→ Exercise details:
Only lines holding "Building" are needed; copy each of them from the data below.
----------
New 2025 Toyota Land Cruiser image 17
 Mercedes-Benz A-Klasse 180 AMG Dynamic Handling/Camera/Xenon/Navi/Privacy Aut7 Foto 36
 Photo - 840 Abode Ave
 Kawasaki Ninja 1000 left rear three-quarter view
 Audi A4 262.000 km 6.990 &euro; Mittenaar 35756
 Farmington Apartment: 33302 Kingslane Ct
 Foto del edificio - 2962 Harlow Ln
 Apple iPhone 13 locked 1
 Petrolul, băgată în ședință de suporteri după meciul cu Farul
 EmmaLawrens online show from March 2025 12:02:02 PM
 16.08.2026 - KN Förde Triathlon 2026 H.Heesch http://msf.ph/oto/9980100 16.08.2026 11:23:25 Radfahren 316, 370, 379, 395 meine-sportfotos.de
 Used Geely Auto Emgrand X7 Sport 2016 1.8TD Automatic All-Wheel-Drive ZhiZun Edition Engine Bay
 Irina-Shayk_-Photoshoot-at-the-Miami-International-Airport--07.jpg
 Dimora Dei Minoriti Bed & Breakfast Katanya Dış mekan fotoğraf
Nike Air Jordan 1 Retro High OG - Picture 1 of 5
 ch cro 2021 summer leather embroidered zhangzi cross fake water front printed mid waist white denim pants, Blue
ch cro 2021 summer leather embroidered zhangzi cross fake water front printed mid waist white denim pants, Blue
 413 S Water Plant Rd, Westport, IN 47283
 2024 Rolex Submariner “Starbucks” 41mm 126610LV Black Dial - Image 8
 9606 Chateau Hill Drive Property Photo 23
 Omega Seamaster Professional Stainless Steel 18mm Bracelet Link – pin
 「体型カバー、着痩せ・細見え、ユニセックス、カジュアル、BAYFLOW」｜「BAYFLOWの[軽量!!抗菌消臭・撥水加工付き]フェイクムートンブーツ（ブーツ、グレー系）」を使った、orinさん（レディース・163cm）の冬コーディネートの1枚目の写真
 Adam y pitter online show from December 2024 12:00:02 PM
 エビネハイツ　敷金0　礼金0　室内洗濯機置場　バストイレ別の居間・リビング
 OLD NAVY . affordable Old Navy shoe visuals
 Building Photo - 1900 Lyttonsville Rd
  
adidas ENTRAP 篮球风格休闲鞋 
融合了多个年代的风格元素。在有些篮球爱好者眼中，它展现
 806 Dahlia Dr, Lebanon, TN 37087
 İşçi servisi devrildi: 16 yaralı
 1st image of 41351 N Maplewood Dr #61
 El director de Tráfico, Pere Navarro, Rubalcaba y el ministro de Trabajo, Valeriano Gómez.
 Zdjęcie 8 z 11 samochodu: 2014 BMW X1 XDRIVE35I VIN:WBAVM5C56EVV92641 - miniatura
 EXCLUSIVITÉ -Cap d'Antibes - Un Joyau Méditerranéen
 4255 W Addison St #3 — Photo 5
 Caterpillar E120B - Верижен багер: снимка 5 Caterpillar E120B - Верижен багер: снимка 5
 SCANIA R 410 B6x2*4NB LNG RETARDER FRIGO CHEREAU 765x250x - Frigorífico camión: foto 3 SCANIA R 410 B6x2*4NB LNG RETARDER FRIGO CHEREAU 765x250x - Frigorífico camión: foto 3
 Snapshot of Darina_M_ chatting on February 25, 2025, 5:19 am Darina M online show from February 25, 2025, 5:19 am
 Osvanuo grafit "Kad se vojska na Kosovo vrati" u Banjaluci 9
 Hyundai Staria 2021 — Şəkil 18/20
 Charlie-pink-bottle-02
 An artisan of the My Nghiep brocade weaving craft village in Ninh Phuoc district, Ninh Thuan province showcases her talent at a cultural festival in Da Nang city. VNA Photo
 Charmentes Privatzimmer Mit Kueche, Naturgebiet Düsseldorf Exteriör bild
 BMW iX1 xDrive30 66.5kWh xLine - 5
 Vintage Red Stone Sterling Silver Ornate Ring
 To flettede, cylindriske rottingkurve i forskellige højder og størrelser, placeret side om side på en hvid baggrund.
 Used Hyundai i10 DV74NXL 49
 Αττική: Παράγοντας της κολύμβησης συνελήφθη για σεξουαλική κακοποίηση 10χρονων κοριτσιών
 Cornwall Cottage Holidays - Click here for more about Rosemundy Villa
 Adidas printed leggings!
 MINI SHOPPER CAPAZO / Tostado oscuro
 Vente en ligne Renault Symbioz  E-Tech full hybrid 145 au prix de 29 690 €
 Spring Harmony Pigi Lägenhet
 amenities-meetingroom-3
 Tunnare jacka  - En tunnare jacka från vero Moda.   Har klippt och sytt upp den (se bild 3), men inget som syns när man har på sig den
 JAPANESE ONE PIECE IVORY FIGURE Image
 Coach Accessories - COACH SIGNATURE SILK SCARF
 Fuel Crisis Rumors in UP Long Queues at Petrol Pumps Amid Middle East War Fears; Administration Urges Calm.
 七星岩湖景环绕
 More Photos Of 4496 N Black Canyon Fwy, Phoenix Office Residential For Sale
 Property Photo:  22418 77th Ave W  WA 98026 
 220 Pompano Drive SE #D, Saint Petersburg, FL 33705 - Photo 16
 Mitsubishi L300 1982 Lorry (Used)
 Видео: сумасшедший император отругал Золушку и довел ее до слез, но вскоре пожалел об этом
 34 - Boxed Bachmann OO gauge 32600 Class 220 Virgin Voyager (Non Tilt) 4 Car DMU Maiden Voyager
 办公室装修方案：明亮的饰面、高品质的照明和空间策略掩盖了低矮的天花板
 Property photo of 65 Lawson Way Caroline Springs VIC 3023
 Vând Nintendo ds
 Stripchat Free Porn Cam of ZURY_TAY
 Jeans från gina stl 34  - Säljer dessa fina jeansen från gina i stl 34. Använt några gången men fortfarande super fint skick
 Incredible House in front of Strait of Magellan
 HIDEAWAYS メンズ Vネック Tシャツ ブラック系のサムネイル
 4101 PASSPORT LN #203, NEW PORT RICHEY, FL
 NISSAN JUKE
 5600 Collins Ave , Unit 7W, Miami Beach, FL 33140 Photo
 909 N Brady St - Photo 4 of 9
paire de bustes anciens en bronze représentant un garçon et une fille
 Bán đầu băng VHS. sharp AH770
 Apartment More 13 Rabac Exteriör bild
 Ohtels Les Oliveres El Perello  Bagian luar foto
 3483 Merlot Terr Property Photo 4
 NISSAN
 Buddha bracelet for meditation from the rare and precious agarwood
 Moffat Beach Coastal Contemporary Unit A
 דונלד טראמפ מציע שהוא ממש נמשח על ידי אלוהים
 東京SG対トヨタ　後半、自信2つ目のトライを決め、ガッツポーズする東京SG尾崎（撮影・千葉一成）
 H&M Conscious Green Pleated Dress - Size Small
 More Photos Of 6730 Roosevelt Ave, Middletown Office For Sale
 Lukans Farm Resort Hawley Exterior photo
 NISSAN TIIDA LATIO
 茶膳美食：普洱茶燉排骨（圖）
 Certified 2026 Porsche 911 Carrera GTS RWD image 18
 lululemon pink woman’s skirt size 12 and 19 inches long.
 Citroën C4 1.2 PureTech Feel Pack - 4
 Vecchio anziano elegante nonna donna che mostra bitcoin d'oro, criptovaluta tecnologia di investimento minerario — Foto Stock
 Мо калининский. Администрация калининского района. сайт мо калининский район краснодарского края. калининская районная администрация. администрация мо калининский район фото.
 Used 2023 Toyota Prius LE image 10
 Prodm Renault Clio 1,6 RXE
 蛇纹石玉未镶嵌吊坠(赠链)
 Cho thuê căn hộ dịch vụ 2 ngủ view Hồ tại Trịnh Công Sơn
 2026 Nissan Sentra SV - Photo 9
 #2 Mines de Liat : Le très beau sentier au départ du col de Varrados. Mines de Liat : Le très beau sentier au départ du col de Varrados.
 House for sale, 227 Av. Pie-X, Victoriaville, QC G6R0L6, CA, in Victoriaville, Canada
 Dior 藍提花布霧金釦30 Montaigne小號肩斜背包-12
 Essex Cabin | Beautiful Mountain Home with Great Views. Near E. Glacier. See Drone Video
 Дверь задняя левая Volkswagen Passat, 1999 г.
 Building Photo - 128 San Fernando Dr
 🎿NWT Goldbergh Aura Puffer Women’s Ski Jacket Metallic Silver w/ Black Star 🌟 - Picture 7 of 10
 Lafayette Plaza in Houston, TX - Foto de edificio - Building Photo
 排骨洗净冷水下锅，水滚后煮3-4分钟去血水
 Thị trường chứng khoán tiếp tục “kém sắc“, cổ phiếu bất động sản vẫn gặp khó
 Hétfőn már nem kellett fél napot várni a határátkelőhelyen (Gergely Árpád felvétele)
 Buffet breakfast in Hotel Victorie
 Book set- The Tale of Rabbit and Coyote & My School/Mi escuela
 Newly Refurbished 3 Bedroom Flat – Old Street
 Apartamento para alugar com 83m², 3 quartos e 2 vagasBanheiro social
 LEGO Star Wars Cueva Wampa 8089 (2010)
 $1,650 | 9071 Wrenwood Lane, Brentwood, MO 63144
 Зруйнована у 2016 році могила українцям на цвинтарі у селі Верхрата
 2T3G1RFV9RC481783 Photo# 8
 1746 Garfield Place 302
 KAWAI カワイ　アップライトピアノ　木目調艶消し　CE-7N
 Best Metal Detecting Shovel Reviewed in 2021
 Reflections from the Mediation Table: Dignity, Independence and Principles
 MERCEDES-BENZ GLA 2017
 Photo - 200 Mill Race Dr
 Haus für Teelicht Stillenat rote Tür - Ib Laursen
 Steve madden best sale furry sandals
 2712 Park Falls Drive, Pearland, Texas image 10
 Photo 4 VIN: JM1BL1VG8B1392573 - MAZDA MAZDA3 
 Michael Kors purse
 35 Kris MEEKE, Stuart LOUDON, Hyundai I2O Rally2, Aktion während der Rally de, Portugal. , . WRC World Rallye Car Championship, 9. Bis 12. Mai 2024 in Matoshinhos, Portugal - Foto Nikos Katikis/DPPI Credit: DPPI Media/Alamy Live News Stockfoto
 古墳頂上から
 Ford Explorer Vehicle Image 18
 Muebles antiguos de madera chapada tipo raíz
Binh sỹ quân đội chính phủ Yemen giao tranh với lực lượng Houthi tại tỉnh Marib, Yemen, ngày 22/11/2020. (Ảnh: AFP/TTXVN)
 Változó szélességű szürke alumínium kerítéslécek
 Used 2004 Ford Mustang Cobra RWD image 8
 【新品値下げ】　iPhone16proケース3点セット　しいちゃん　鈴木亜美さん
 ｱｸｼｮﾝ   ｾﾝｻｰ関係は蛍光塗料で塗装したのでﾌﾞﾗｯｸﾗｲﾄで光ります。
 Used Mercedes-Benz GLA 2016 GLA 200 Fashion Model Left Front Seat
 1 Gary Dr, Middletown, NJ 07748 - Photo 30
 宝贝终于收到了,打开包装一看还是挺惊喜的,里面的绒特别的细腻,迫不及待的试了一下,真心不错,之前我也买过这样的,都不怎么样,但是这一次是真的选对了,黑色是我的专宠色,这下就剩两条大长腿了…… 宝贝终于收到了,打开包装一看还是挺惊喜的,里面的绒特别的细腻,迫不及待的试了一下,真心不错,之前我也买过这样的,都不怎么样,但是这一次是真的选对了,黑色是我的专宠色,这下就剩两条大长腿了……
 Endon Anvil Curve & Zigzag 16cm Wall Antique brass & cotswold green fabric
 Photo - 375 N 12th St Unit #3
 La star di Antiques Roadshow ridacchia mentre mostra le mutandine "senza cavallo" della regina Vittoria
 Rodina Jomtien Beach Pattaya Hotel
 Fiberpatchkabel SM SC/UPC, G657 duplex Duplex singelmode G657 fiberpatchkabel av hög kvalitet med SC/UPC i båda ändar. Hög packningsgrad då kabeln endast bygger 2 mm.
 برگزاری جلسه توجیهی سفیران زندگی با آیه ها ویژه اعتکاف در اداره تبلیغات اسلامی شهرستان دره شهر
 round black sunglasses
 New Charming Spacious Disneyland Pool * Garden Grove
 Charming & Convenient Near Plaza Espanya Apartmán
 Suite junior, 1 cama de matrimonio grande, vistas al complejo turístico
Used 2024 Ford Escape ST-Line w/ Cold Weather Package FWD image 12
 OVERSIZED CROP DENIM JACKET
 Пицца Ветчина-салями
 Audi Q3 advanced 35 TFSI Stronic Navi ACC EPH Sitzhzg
----------
→ Result for this task:
 Building Photo - 1900 Lyttonsville Rd
 Building Photo - 128 San Fernando Dr
 Lafayette Plaza in Houston, TX - Foto de edificio - Building Photo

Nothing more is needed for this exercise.